A large American chestnut tree in Sherwood, Oregon, more than six feet in diameter, has succumbed to old age. The passing of such a large tree in current times is a rare event. The tree that died was planted in 1885 by a farmer named Hicks. A nearby second tree planted by Hicks, four feet in diameter, survives. The article, “Back from the Brink,” published in the February 1990 issue of National Geographic Magazine featured the trees. Francis Boone was the caretaker of the two trees growing on the property where he and his wife June lived. It is appropriate that Francis Boone, the sixth great-grandson of frontiersman Daniel Boone, took care of the two trees.
Members of The American Chestnut Foundation and others have sought out the trees to admire them and stand beneath their boughs. Recently one of those visitors reported to me that the larger tree died not long ago. I included a picture of the two trees in an article I wrote for the Winter 2017 issue of TACF’s Chestnut magazine titled “American Chestnut Trees in the Pacific Northwest.” (The article can be found here, pages 3-5.)
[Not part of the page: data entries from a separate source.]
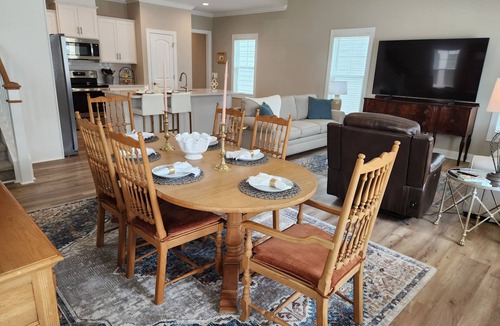 Morehead City House | Sweet Caroline coastal home Beaufort NC BeauCoast flexChkIn/Out poss Master Main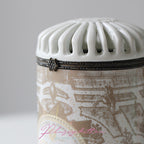 Fragrant Candle with Metallic Lid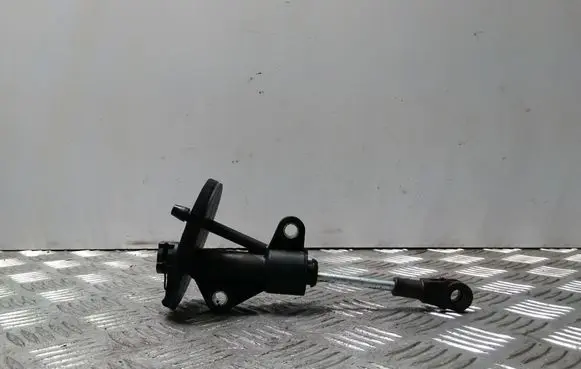 Clutch slave cylinder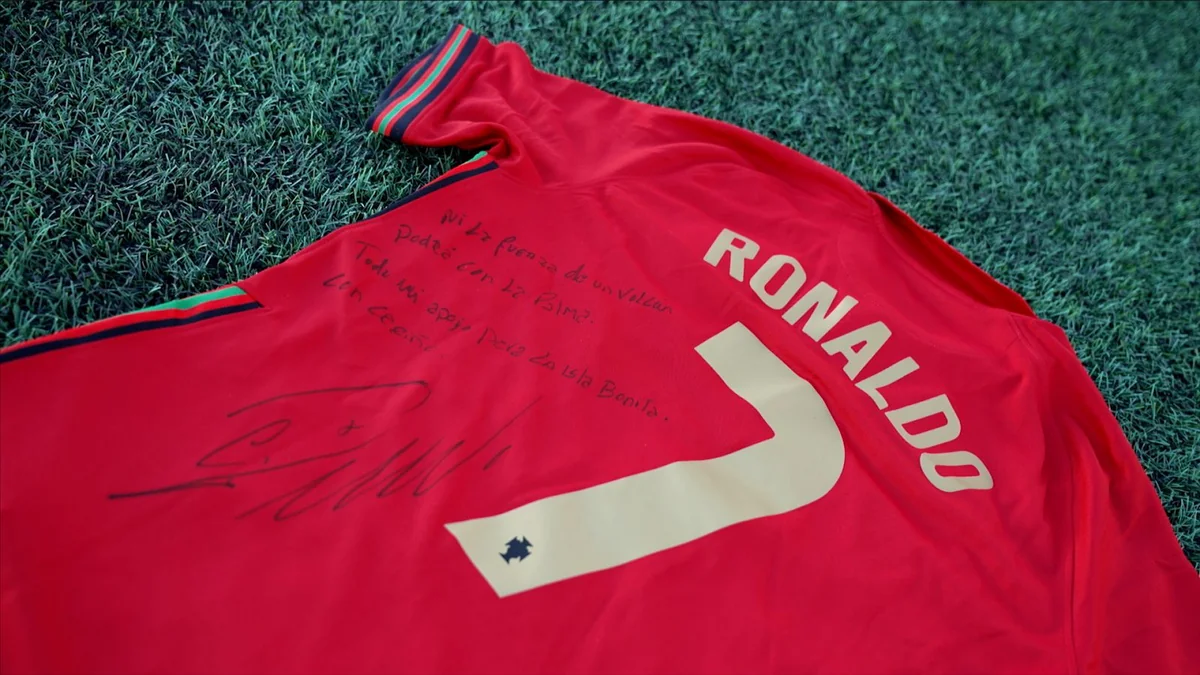 Ronaldu xeyriyyə məqsədilə formasını hərraca çıxarıb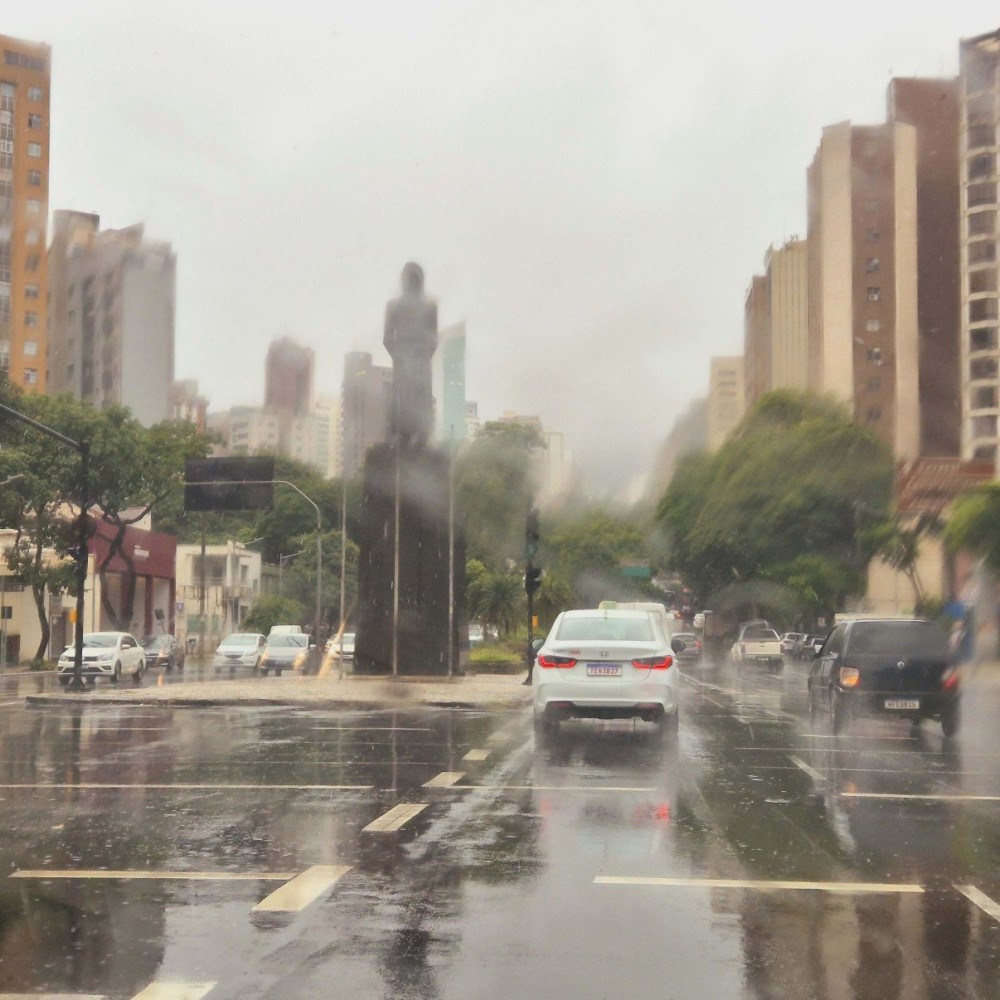 Minas Gerais em Alerta: Previsão de Chuvas Intensificadas até Quarta-feira Minas Gerais em Alerta: Previsão de Chuvas Intensificadas até Quarta-feira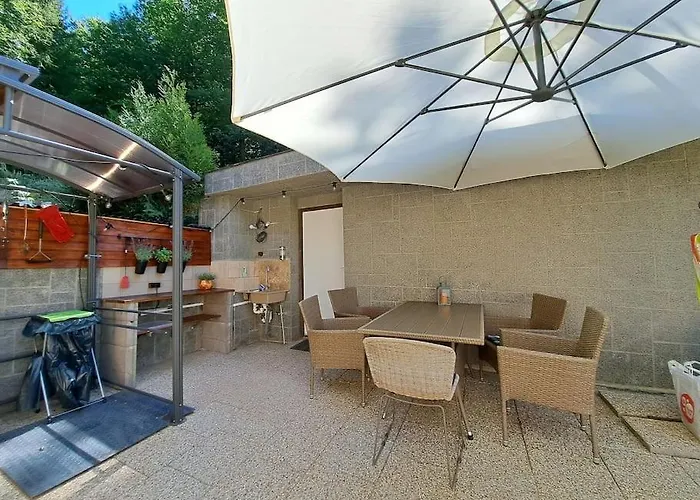 Villa лесной нова Zivohost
This visitor learned from the current landowner that wood from the dead tree might be salvaged. Further, the salvaged wood might be used to make benches to place under the remaining tree as a memorial to Francis Boone. He said the owner was looking for a contractor to evaluate the tree and salvage wood from it. I contacted the owner of an urban lumber company in Charlotte, was referred to his counterpart in Portland, Oregon, talked to him by phone, and ask that he contact the property owner for potential assistance. I appreciated the reference given me by the urban forester in Charlotte. He appreciates the value of salvaged American chestnut wood. Hopefully, people in the Pacific Northwest might learn to share that same appreciation. I never learned if the wood of a large, four feet in diameter American chestnut tree growing in Portland, Oregon was salvaged after the property owner had it removed.
The champion American chestnut tree in Oregon, located in Gladstone, is 99 feet tall, has a circumference of 19 feet (or 6 feet in diameter), and has a spread of 95 feet. I will check it out during my next visit to Oregon.